Logo Questions Linux Laravel Mysql Ubuntu Git Menu
 

Weird "all" in"where"

Tags:

sql

mysql

The problem exists in MySQL's newest version, so I even doubt that that may be a bug.

Here are two tables:

t1(id int), values (10),(2)
t2(id int), values (0),(null),(1)

Execute:

select id from t1 where id > all (select id from t2);

Return result set:

+------+
| id   |
+------+
|   10 |
|    2 |
+------+

According to my knowledge and the page http://dev.mysql.com/doc/refman/5.5/en/all-subqueries.html

The statement should return empty result! Because each judgement in "where" leads to null, like this:

select id > all (select id from t2)  as c1 from t1;

returns:

+------+
| c1   |
+------+
| NULL |
| NULL |
+------+

and actually select id from t1 where null; returns nothing!

Finally, I tried this:

explain extended select id from t1 where id > all (select id from t2);
show warnings;
+-------+------+-------------------------------------------------------------------------------------------------------------------------------------+
| Level | Code | Message                                                                                                                             |
+-------+------+-------------------------------------------------------------------------------------------------------------------------------------+
| Note  | 1003 | select `test`.`t1`.`id` AS `id` from `test`.`t1` where <not>((`test`.`t1`.`id` <= (select max(`test`.`t2`.`id`) from `test`.`t2`))) |
+-------+------+-------------------------------------------------------------------------------------------------------------------------------------+

1 row in set (0.00 sec)

We can see that MySQL optimizes the original SQL to this one, which actually fits the result set.

but I not think the optimized SQL equals the original one .

Am I wrong?

like image 580
carl Avatar asked Jul 13 '12 00:07

carl


2 Answers

Update: Upon further analysis and unfolding of MySQL's > ALL odd implementation. This answer should be considered as MySQL-specific.
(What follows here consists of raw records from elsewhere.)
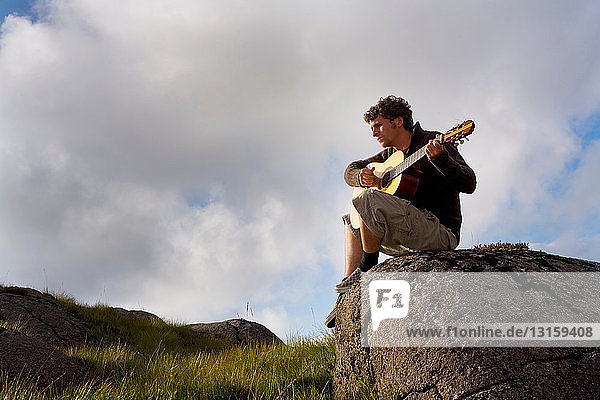Junger Mann spielt Gitarre in einer Landschaft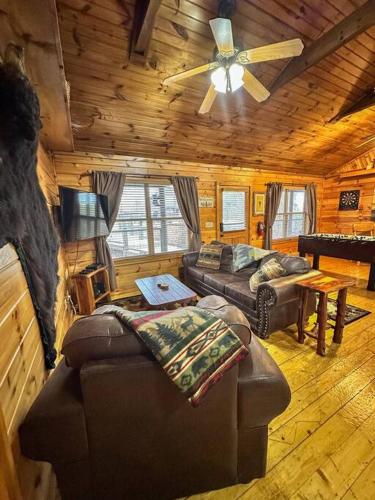 a living room with a couch and a ceiling fan at Moon Willow - one level cabin with 2 master suites in Walnut Grove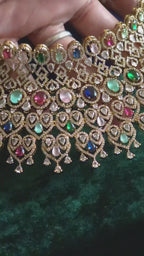 Navratan CZ Filigree Bib Choker, Chandelier Earring & Maang Tikka Bridal Set Zarkash – wide multicolor CZ filigree bib choker with emerald, ruby, sapphire, pink & white CZ stones, matching long chandelier earrings, and open-work heart maang tikka in gold finish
So for further disclaimer, explanation on answer here regarding > ALL is not applicable to other RDBMSes (unless there are other RDBMSes that copied MySQL implementation). Internal translation from > ALL to a MAX construct, applies to MySQL only.

This:

select id from t1 where id > all (select id from t2); 

is semantically equivalent to:

select id from t1 where id > (select max(id) from t2); 

Since select max(id) from t2 returns 1, the second query materializes to this:

select id from t1 where id > 1

That's why it returns both 10 and 2 from table t1


One of the instances where NULL rules is being applied is when you use NOT IN, an example:

DDL:

create table t1(id int);

insert into t1 values (10),(2);


create table t2(id int); 

insert into t2 values (0),(null),(1);

Query:

select * from t1 where id not in (select id from t2);

-- above is evaluated same as the following query, so the rules about null applies,
-- hence the above and following query will not return any record.    
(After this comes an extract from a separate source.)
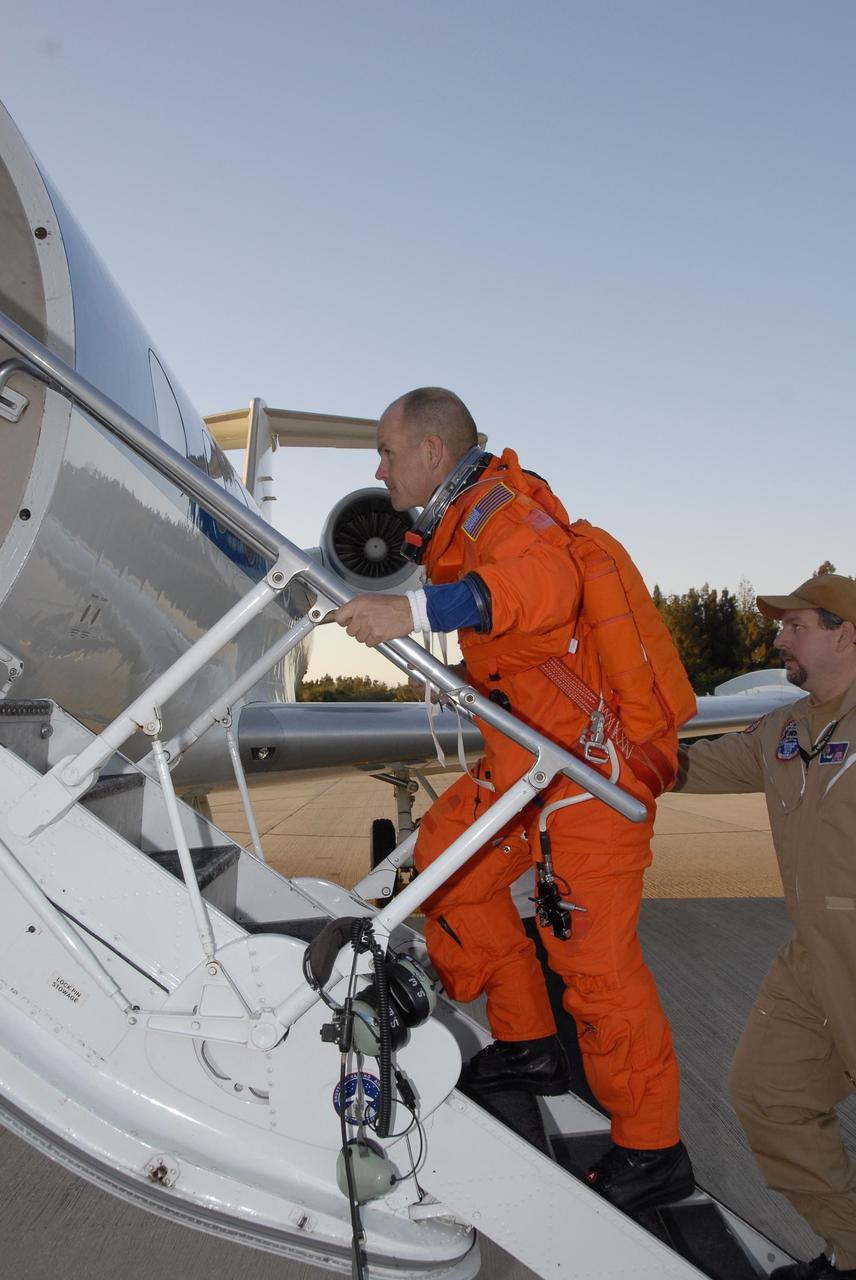 KENNEDY SPACE CENTER, FLA. --  At the Shuttle Landing Facility, Mission STS-117 Commander Rick Sturckow is ready to begin practice flights on the shuttle training aircraft (STA) during Terminal Countdown Demonstration Test (TCDT) Activities. The STA is a Grumman American Aviation-built Gulf Stream II jet that was modified to simulate an orbiter's cockpit, motion and visual cues, and handling qualities. In flight, the STA duplicates the orbiter's atmospheric descent trajectory from approximately 35,000 feet altitude to landing on a runway. Because the orbiter is unpowered during re-entry and landing, its high-speed glide must be perfectly executed the first time. The mission payload aboard Space Shuttle Atlantis is the S3/S4 integrated truss structure, along with a third set of solar arrays and batteries. The crew of six astronauts will install the truss to continue assembly of the International Space Station.  STS-117 is the 118th space shuttle flight and the 21st flight to the station. Photo credit: NASA/Kim Shiflett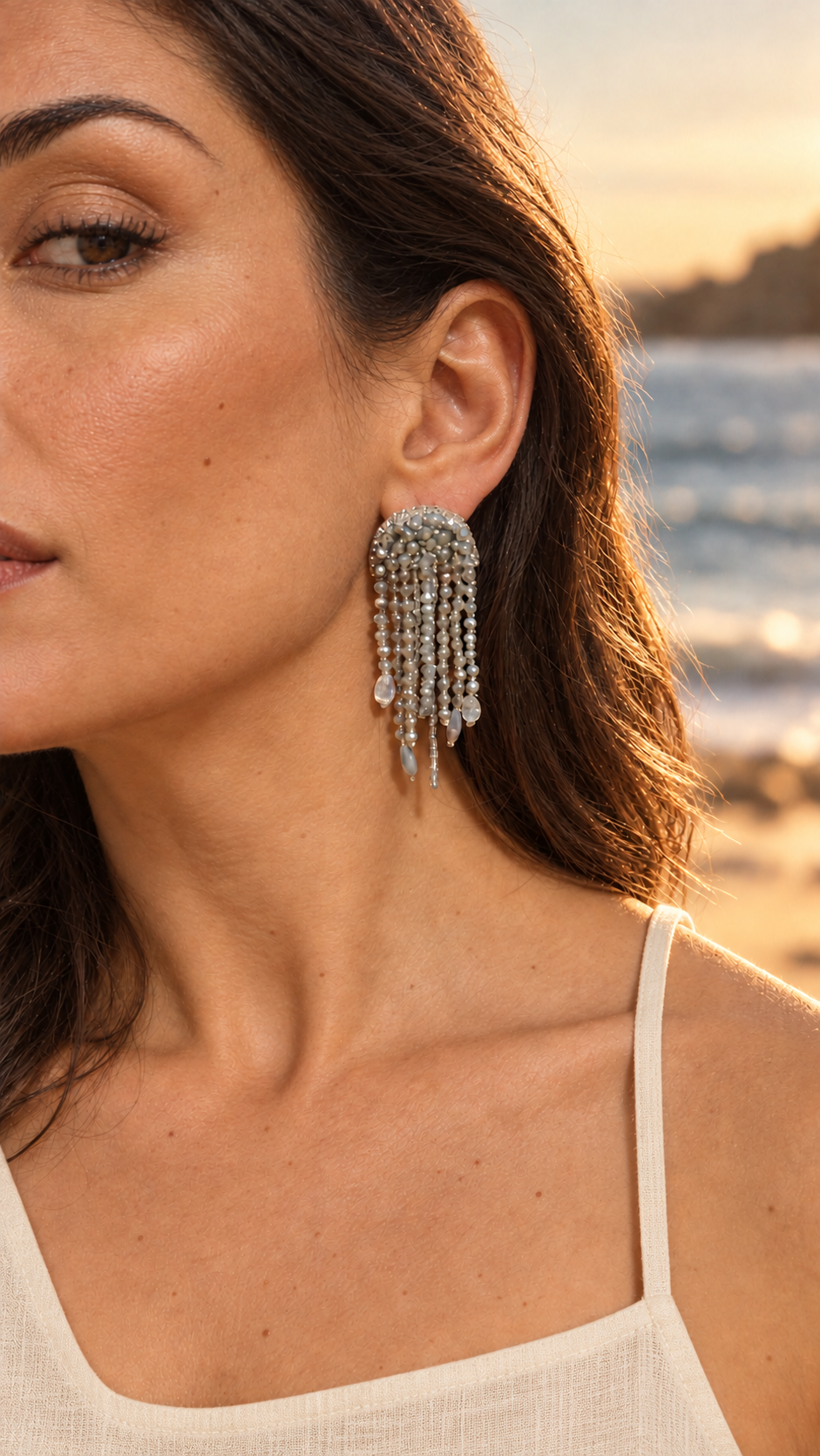 Modelo con un arete Medusa plateado de cuentas y colgantes en forma de gota junto al mar.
select * from t1 where id <> 0 and id <> null and id <> 1;



-- to eliminate null side-effect, do this:
select * from t1 where id not in (select id from t2 where id is not null);

-- which is equivalent to this:
select * from t1 where id <> 0 and id <> 1;

The last two queries returns 10 and 2, whereas the first two queries returns empty set

Live test: http://www.sqlfiddle.com/#!2/82865/1

Hope these examples erases your confusion with NULL rules.


Regarding

but I not think the optimized sql equals the original one .

Optimized sql being this:

select `test`.`t1`.`id` AS `id` from `test`.`t1` where <not>((`
test`.`t1`.`id` <= (select max(`test`.`t2`.`id`) from `test`.`t2`)))

That is really equivalent to your original query: select id from t1 where id > all (select id from t2);

The construct t1.field > all (select t2.field from t2) is just a syntactic sugar for:

t1.field > (select max(t2.field) from t2)
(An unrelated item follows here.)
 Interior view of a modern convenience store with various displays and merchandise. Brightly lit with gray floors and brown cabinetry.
If you will apply DeMorgan theorem on the optimized SQL by MySql:

not (t1.id <= (select max(t2.id) from t2))

That is equivalent to:

t1.id > (select max(t2.id) from t2)

Which in turn is equivalent to the syntactic sugar ALL:

t1.id > ALL(select t2.id from t2)
like image 192
Michael Buen Avatar answered Nov 15 '22 04:11

Michael Buen


This is a bug in MySQL (Reported and verified here).

The fix will be available in 5.6.7 (next 5.6x version) as well as in the next major tree (5.7x)

It differs from the stated behaviour in the MySQL docs and that prescribed in the ANSI standard.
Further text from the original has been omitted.